Advent in the west, at least, takes place at a time of year when the light and sun is lessening. Darkness is ever present, and the night season encroaches on soil and soul. It is not as easy to bask in the long days of summer and the warmth of day star. It is much easier to take to the hills and delight in the human journey when fair weather and the light of the day stretches on much longer.
But, what happens when darkness and hard things come our way? What happens when the days in our lives lack the warmth and brightness of summer and the blue canopy seems cold and icy? How do we live the Divine life when darkness seems to dominate the day and light ever recedes?
Mary, the mother of Jesus, was asked a hard question by the angel Gabriel. Would she be willing to allow the Divine life to grow within her, and would she be willing to give birth to and nourish the young child Jesus? Needless to say, a Yes meant many a hardship and much pain.

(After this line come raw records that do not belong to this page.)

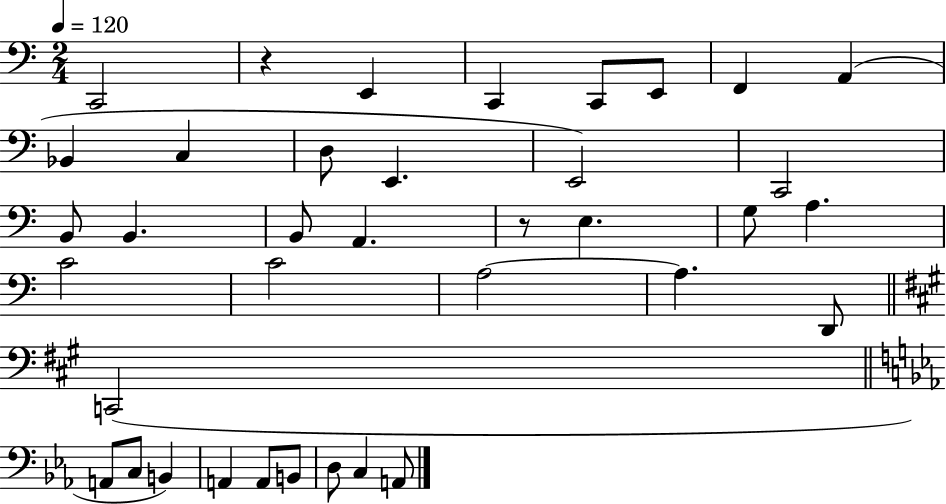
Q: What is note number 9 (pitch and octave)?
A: C3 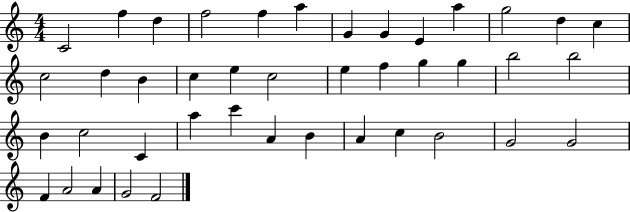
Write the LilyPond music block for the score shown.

{
  \clef treble
  \numericTimeSignature
  \time 4/4
  \key c \major
  c'2 f''4 d''4 | f''2 f''4 a''4 | g'4 g'4 e'4 a''4 | g''2 d''4 c''4 | \break c''2 d''4 b'4 | c''4 e''4 c''2 | e''4 f''4 g''4 g''4 | b''2 b''2 | \break b'4 c''2 c'4 | a''4 c'''4 a'4 b'4 | a'4 c''4 b'2 | g'2 g'2 | \break f'4 a'2 a'4 | g'2 f'2 | \bar "|."
} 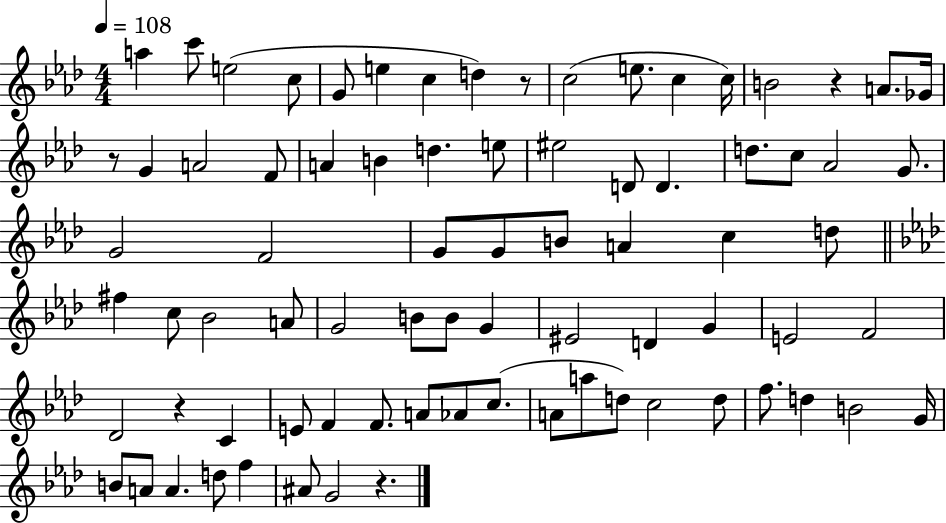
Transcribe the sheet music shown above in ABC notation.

X:1
T:Untitled
M:4/4
L:1/4
K:Ab
a c'/2 e2 c/2 G/2 e c d z/2 c2 e/2 c c/4 B2 z A/2 _G/4 z/2 G A2 F/2 A B d e/2 ^e2 D/2 D d/2 c/2 _A2 G/2 G2 F2 G/2 G/2 B/2 A c d/2 ^f c/2 _B2 A/2 G2 B/2 B/2 G ^E2 D G E2 F2 _D2 z C E/2 F F/2 A/2 _A/2 c/2 A/2 a/2 d/2 c2 d/2 f/2 d B2 G/4 B/2 A/2 A d/2 f ^A/2 G2 z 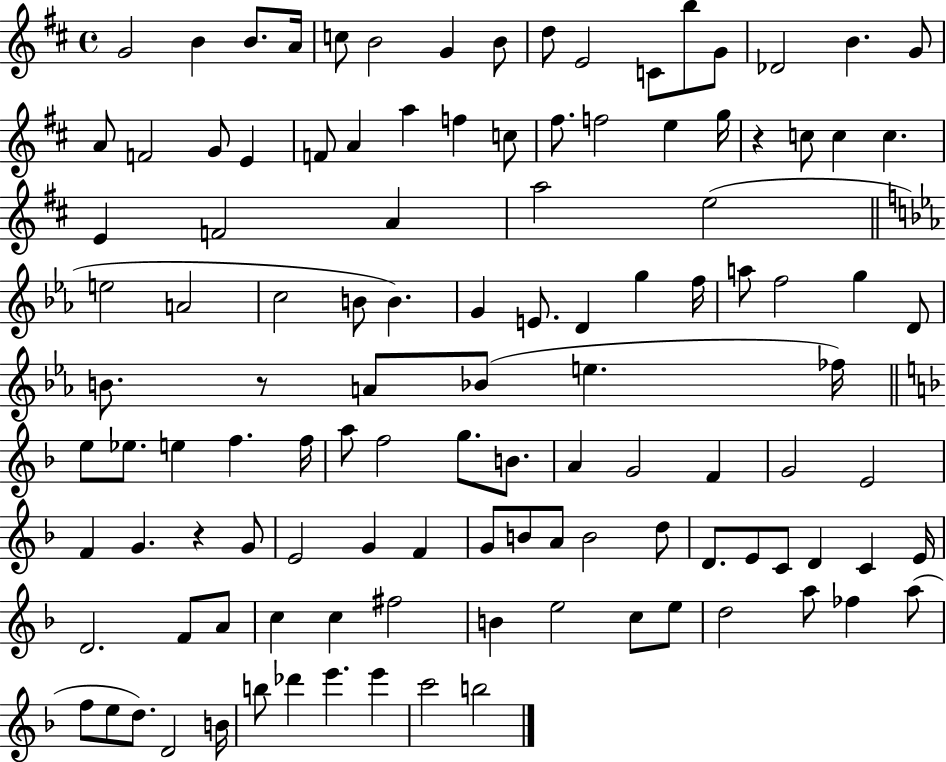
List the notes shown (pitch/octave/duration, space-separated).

G4/h B4/q B4/e. A4/s C5/e B4/h G4/q B4/e D5/e E4/h C4/e B5/e G4/e Db4/h B4/q. G4/e A4/e F4/h G4/e E4/q F4/e A4/q A5/q F5/q C5/e F#5/e. F5/h E5/q G5/s R/q C5/e C5/q C5/q. E4/q F4/h A4/q A5/h E5/h E5/h A4/h C5/h B4/e B4/q. G4/q E4/e. D4/q G5/q F5/s A5/e F5/h G5/q D4/e B4/e. R/e A4/e Bb4/e E5/q. FES5/s E5/e Eb5/e. E5/q F5/q. F5/s A5/e F5/h G5/e. B4/e. A4/q G4/h F4/q G4/h E4/h F4/q G4/q. R/q G4/e E4/h G4/q F4/q G4/e B4/e A4/e B4/h D5/e D4/e. E4/e C4/e D4/q C4/q E4/s D4/h. F4/e A4/e C5/q C5/q F#5/h B4/q E5/h C5/e E5/e D5/h A5/e FES5/q A5/e F5/e E5/e D5/e. D4/h B4/s B5/e Db6/q E6/q. E6/q C6/h B5/h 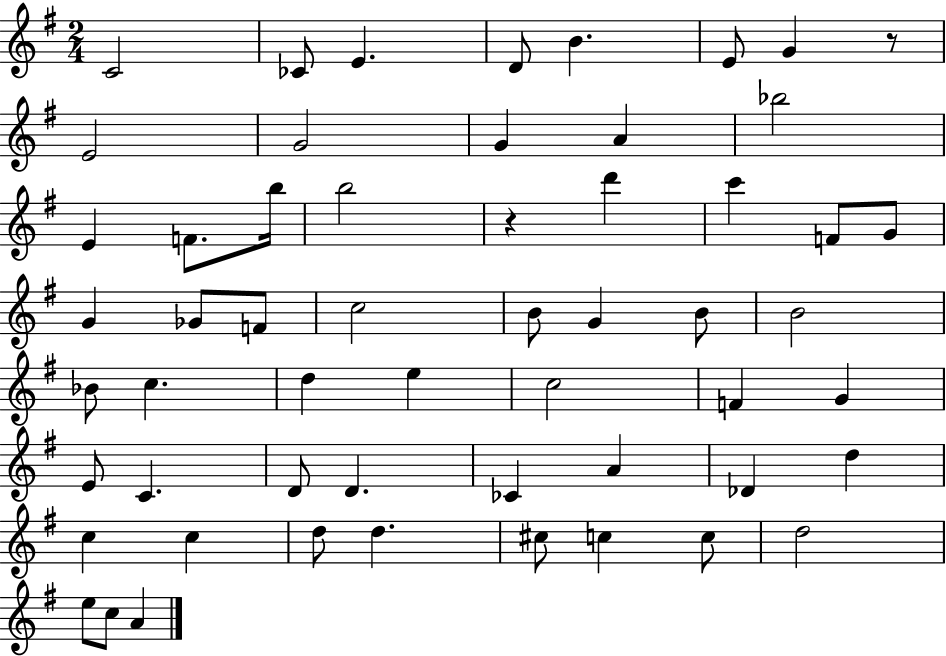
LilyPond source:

{
  \clef treble
  \numericTimeSignature
  \time 2/4
  \key g \major
  c'2 | ces'8 e'4. | d'8 b'4. | e'8 g'4 r8 | \break e'2 | g'2 | g'4 a'4 | bes''2 | \break e'4 f'8. b''16 | b''2 | r4 d'''4 | c'''4 f'8 g'8 | \break g'4 ges'8 f'8 | c''2 | b'8 g'4 b'8 | b'2 | \break bes'8 c''4. | d''4 e''4 | c''2 | f'4 g'4 | \break e'8 c'4. | d'8 d'4. | ces'4 a'4 | des'4 d''4 | \break c''4 c''4 | d''8 d''4. | cis''8 c''4 c''8 | d''2 | \break e''8 c''8 a'4 | \bar "|."
} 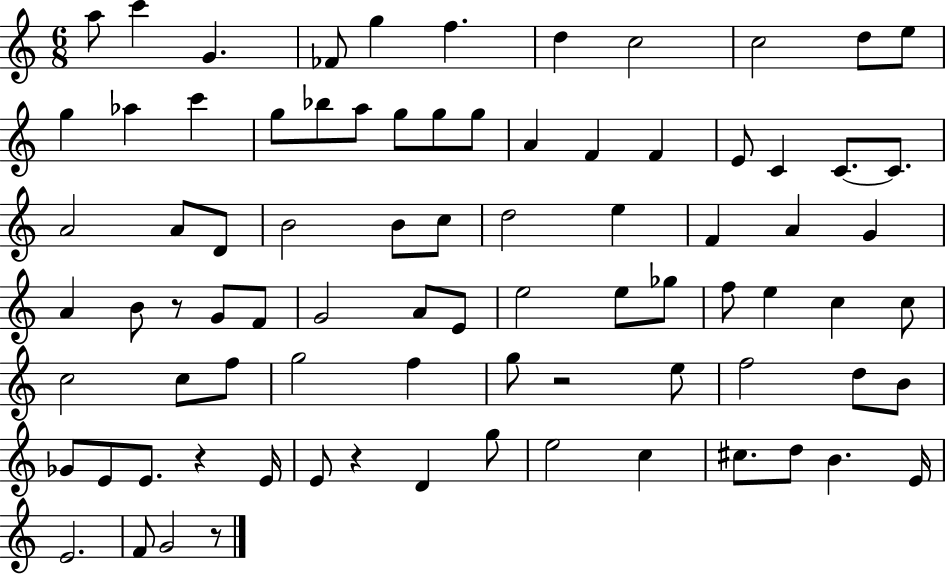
X:1
T:Untitled
M:6/8
L:1/4
K:C
a/2 c' G _F/2 g f d c2 c2 d/2 e/2 g _a c' g/2 _b/2 a/2 g/2 g/2 g/2 A F F E/2 C C/2 C/2 A2 A/2 D/2 B2 B/2 c/2 d2 e F A G A B/2 z/2 G/2 F/2 G2 A/2 E/2 e2 e/2 _g/2 f/2 e c c/2 c2 c/2 f/2 g2 f g/2 z2 e/2 f2 d/2 B/2 _G/2 E/2 E/2 z E/4 E/2 z D g/2 e2 c ^c/2 d/2 B E/4 E2 F/2 G2 z/2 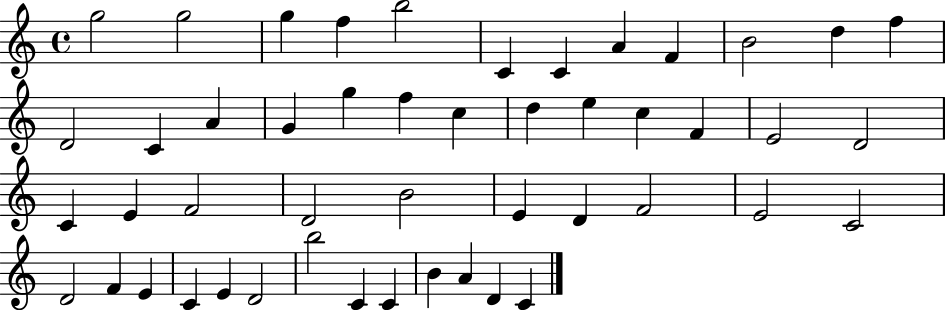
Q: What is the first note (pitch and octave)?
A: G5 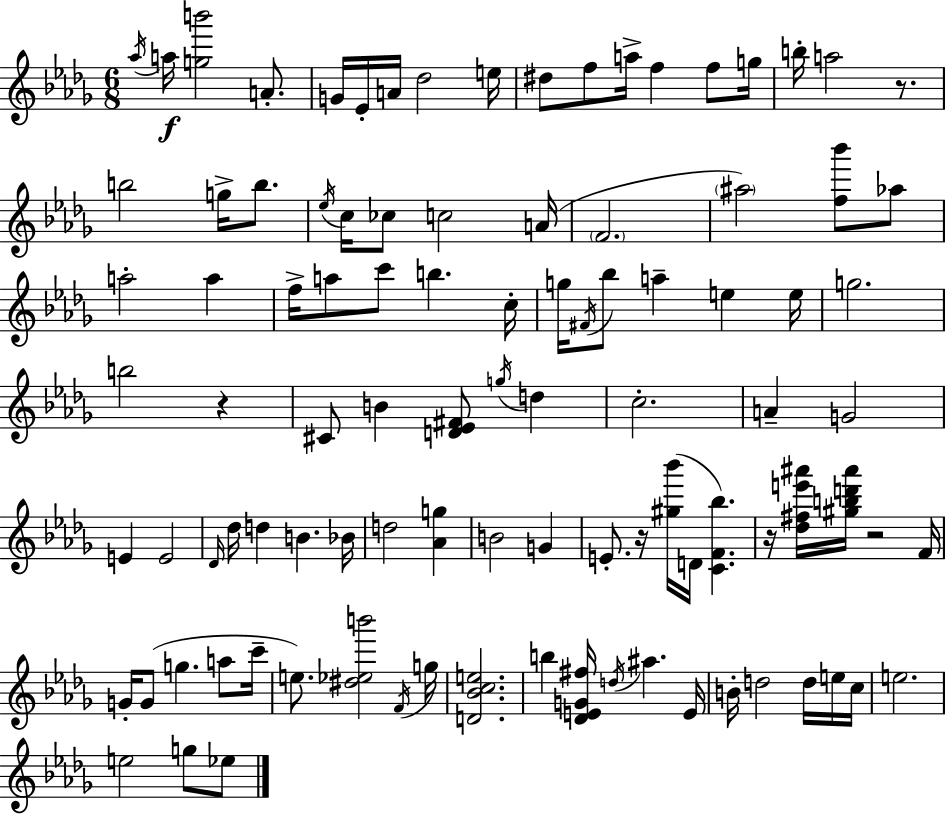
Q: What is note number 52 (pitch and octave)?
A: Db4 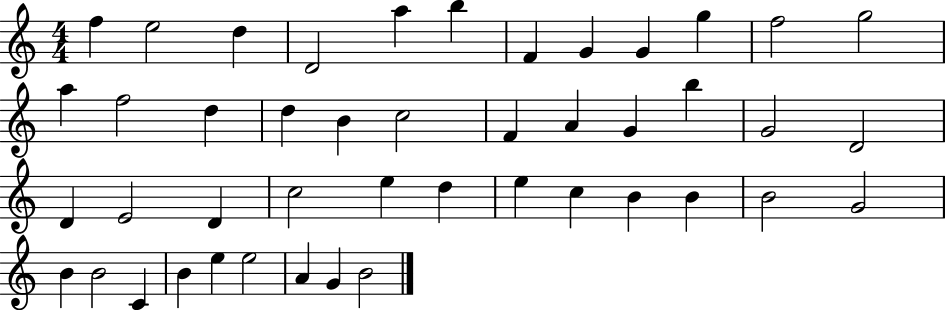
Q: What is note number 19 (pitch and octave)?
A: F4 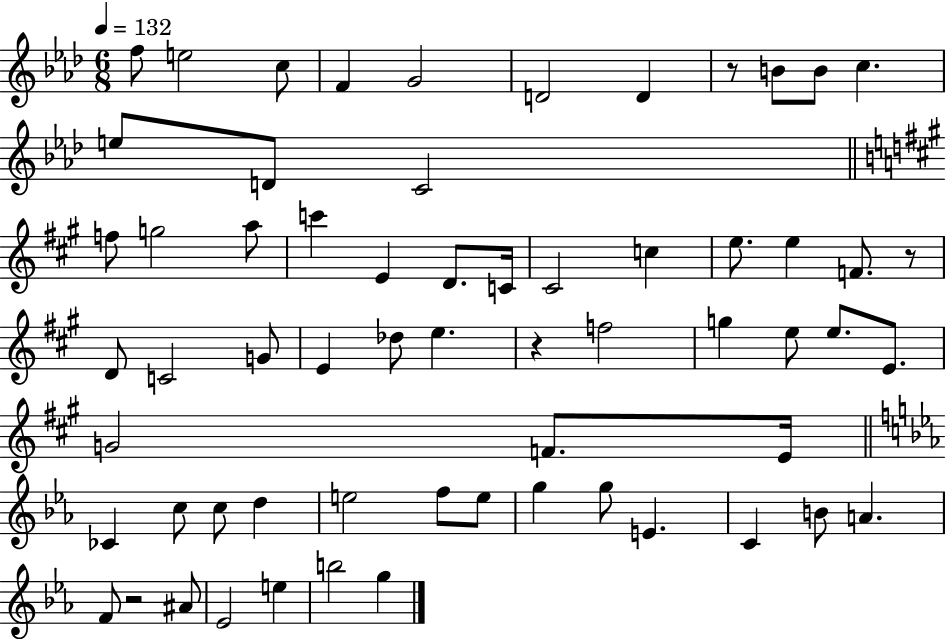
F5/e E5/h C5/e F4/q G4/h D4/h D4/q R/e B4/e B4/e C5/q. E5/e D4/e C4/h F5/e G5/h A5/e C6/q E4/q D4/e. C4/s C#4/h C5/q E5/e. E5/q F4/e. R/e D4/e C4/h G4/e E4/q Db5/e E5/q. R/q F5/h G5/q E5/e E5/e. E4/e. G4/h F4/e. E4/s CES4/q C5/e C5/e D5/q E5/h F5/e E5/e G5/q G5/e E4/q. C4/q B4/e A4/q. F4/e R/h A#4/e Eb4/h E5/q B5/h G5/q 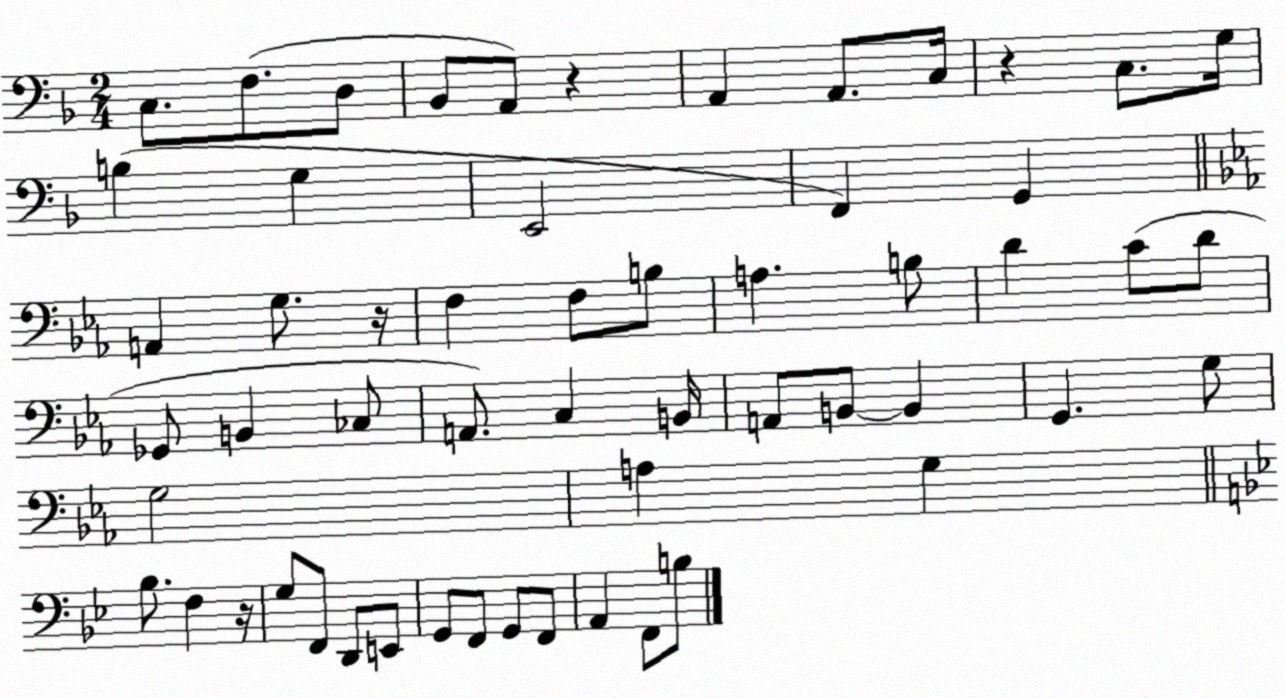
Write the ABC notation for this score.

X:1
T:Untitled
M:2/4
L:1/4
K:F
C,/2 F,/2 D,/2 _B,,/2 A,,/2 z A,, A,,/2 C,/4 z C,/2 G,/4 B, G, E,,2 F,, G,, A,, G,/2 z/4 F, F,/2 B,/2 A, B,/2 D C/2 D/2 _G,,/2 B,, _C,/2 A,,/2 C, B,,/4 A,,/2 B,,/2 B,, G,, G,/2 G,2 A, G, _B,/2 F, z/4 G,/2 F,,/2 D,,/2 E,,/2 G,,/2 F,,/2 G,,/2 F,,/2 A,, F,,/2 B,/2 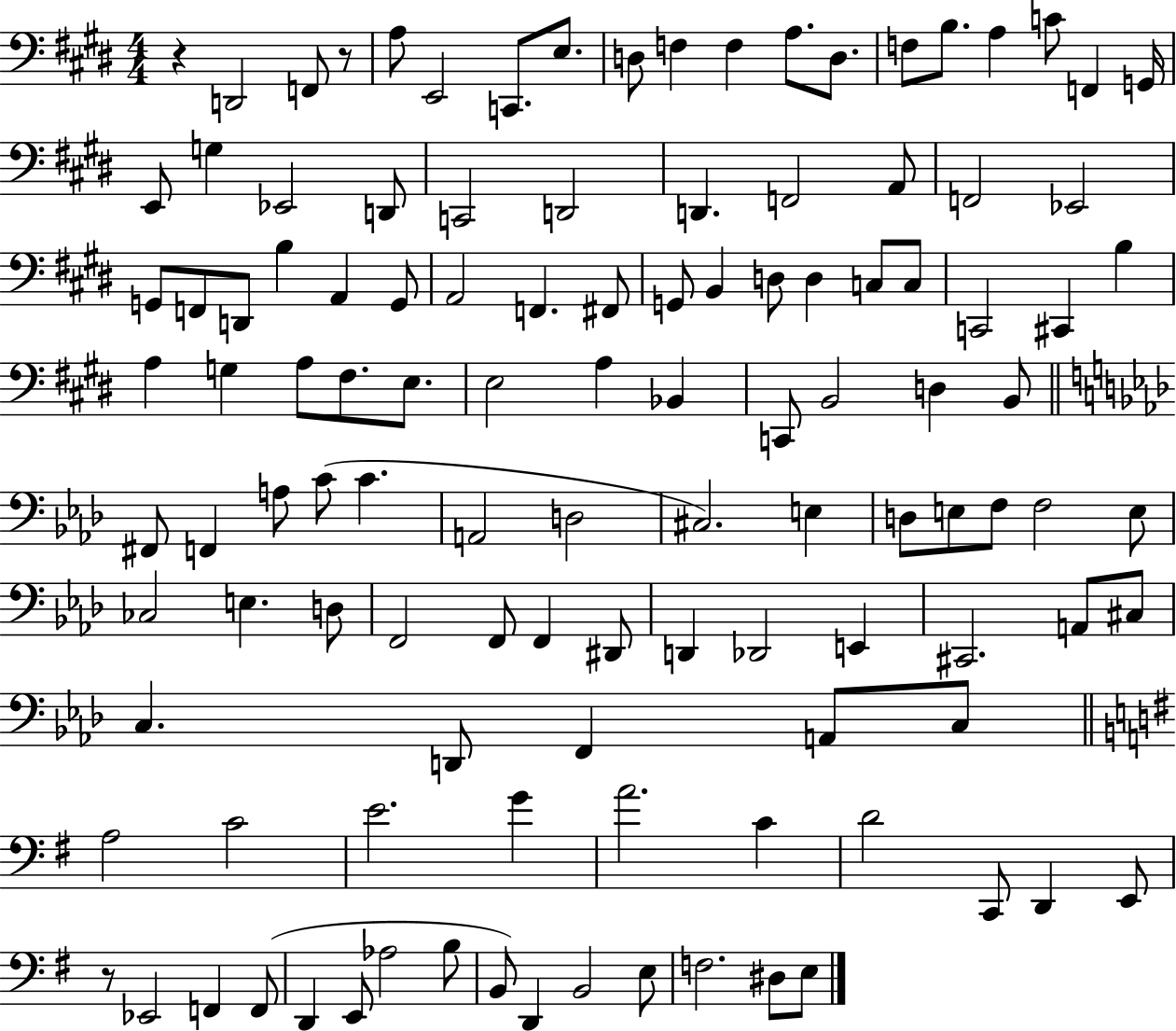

Mary was not naïve. She knew in the marrow of her bones and the depth of her heart what such a Yes might mean. She knew the pain and tragedy that could follow when a Yes was said. There is no doubt that it would have been much easier to say No.
Mary, to here credit, had the courage to say Yes to such an invitation. She allowed Jesus the Christ to grow within the womb of her body and soul. She felt the kicking, the interior growth, the actual life of Christ in her. She was often slighted and misunderstood, treated indifferently and marginalized for her Yes. She and Joseph were on the run from the Roman empire for many years. Mary was neither sentimental nor weak willed. She knew the hard price for saying Yes.
Mary is to be revered by the church as an icon for welcoming the Divine invitation. There was much letting go and many deaths Mary had to die for Christ to be born, grow in wisdom and mature. Advent, therefore, raises a simple question for us. What does it mean for Christ to be born, nourished and nurtured in the womb of our souls and bodies? What does such a birthing and coming look like in the steps we take each day on our human journey? The answers to such questions are not easy in an age in which many trot out a domesticated, sanitized and tamed faith.
Advent takes place at a time of year when dusk, night and dawn dominate much of the day. How do we say Yes to the birth and coming of Christ in such a season? It is much easier, of course, to have a form of Christianity that ignores hardship, suffering and pain. Such religious triumphalism is foreign to the deeper message of the faith journey and the meaning of Advent.
Mary is the Queen of Heaven for the simple reason that she had the courage to say Yes to God in a dark and hard season when night pressed in on her and her people. The saints and mystics of the church know, in the sinews and ligaments of their souls, that the deepest coming of Christ only takes place through dark nights and clouds of uncertainty and unknowing. Mary knew this, she opened herself to such hard places, and she clarified for us what the coming of Christ truly means for us in this Advent season.